■ Work instructions
Leaving out every picture, copy the lines of the material below exactly, from the line containing "kitchen with stainless" through the line containing "2011 Northeast 31st".

■ Dataset entries
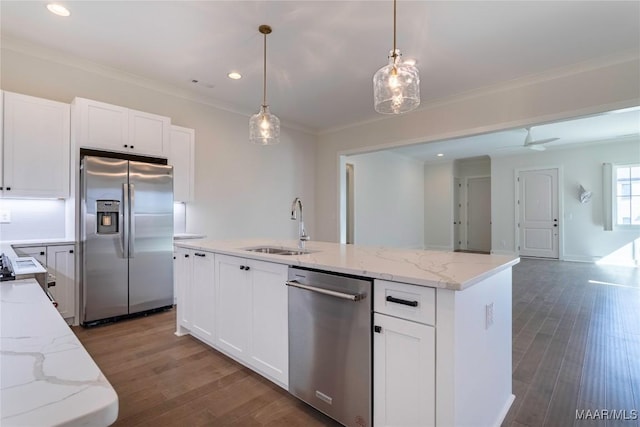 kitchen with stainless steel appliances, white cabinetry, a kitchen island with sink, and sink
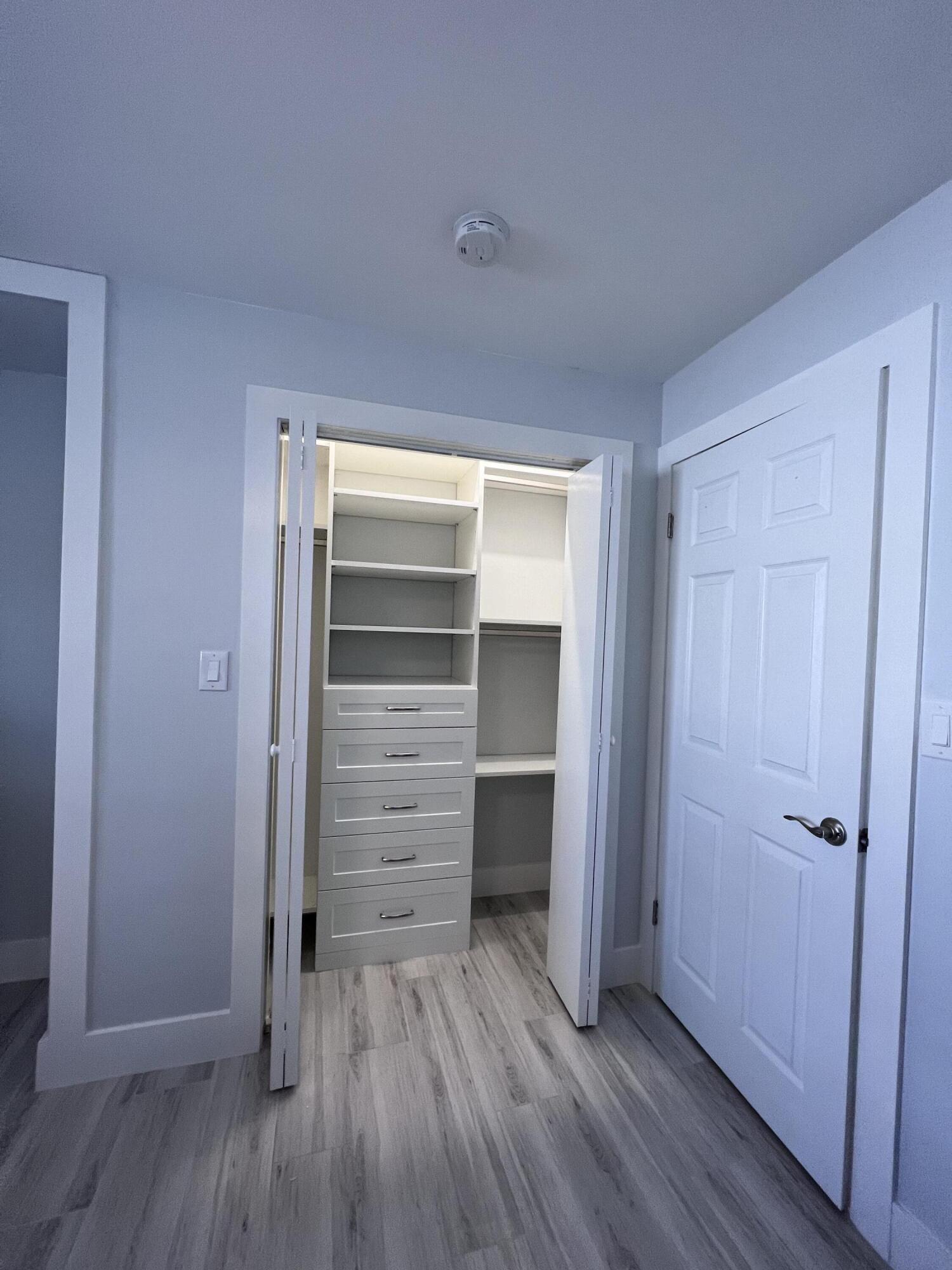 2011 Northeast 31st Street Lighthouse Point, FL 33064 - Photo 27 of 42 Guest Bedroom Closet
* * *
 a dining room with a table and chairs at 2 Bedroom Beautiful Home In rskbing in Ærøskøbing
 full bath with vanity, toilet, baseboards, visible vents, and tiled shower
---
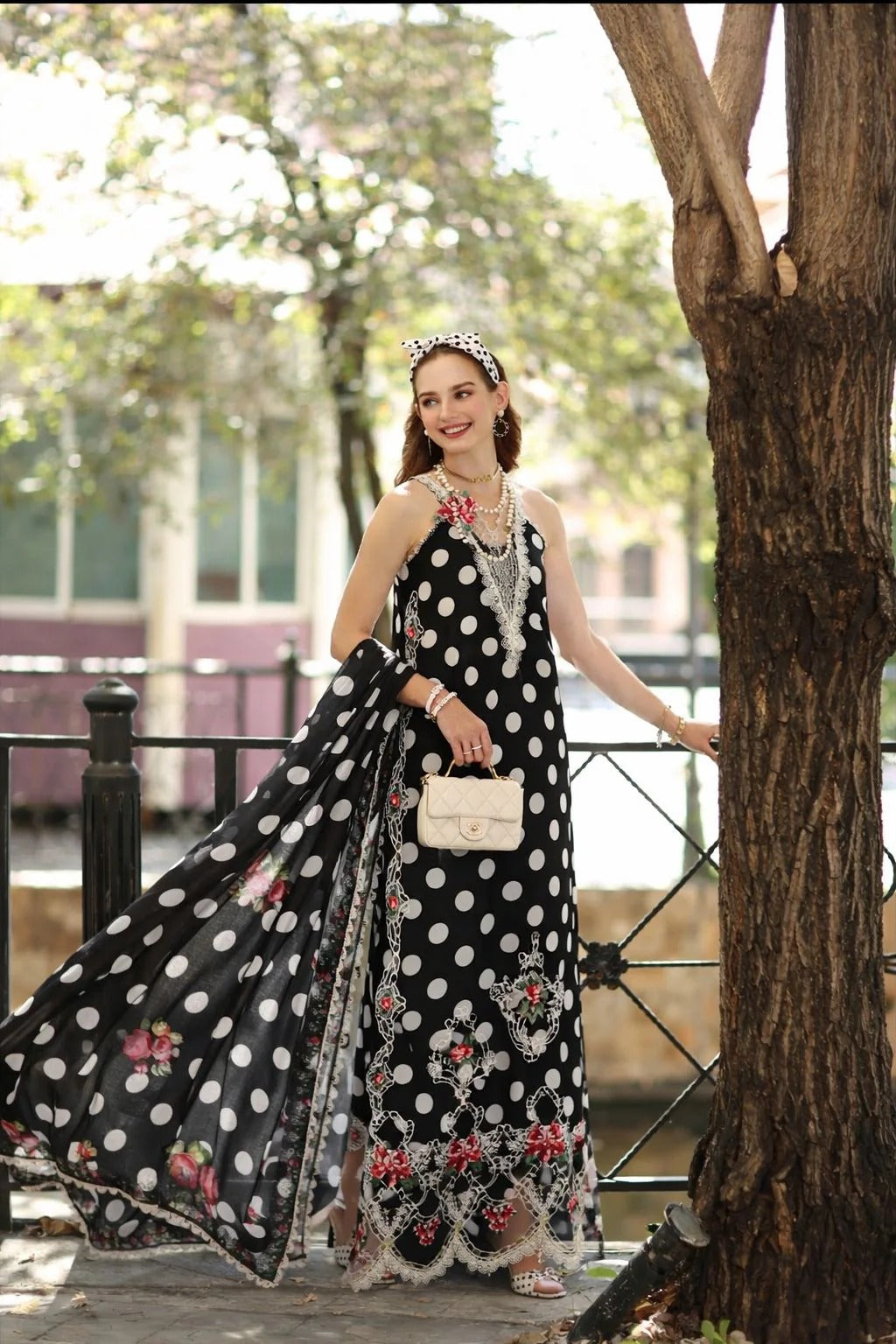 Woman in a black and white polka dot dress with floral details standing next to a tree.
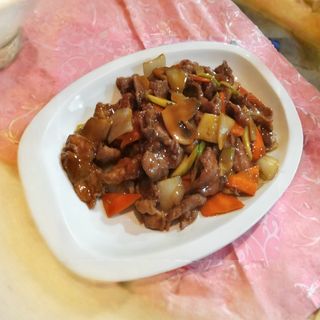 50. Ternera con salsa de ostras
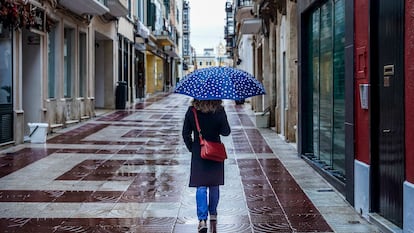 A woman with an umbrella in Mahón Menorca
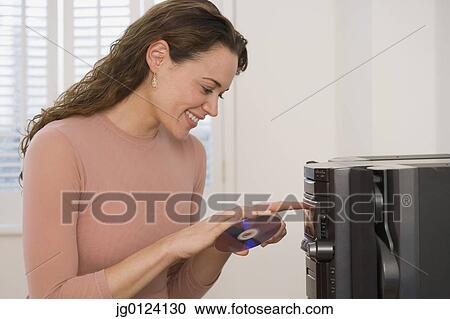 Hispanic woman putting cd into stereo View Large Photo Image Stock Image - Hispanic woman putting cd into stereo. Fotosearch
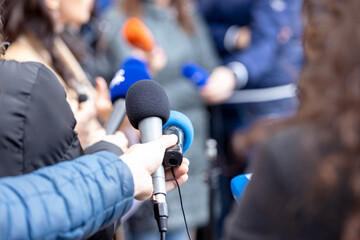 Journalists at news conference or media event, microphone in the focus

■ Response box
 kitchen with stainless steel appliances, white cabinetry, a kitchen island with sink, and sink
 2011 Northeast 31st Street Lighthouse Point, FL 33064 - Photo 27 of 42 Guest Bedroom Closet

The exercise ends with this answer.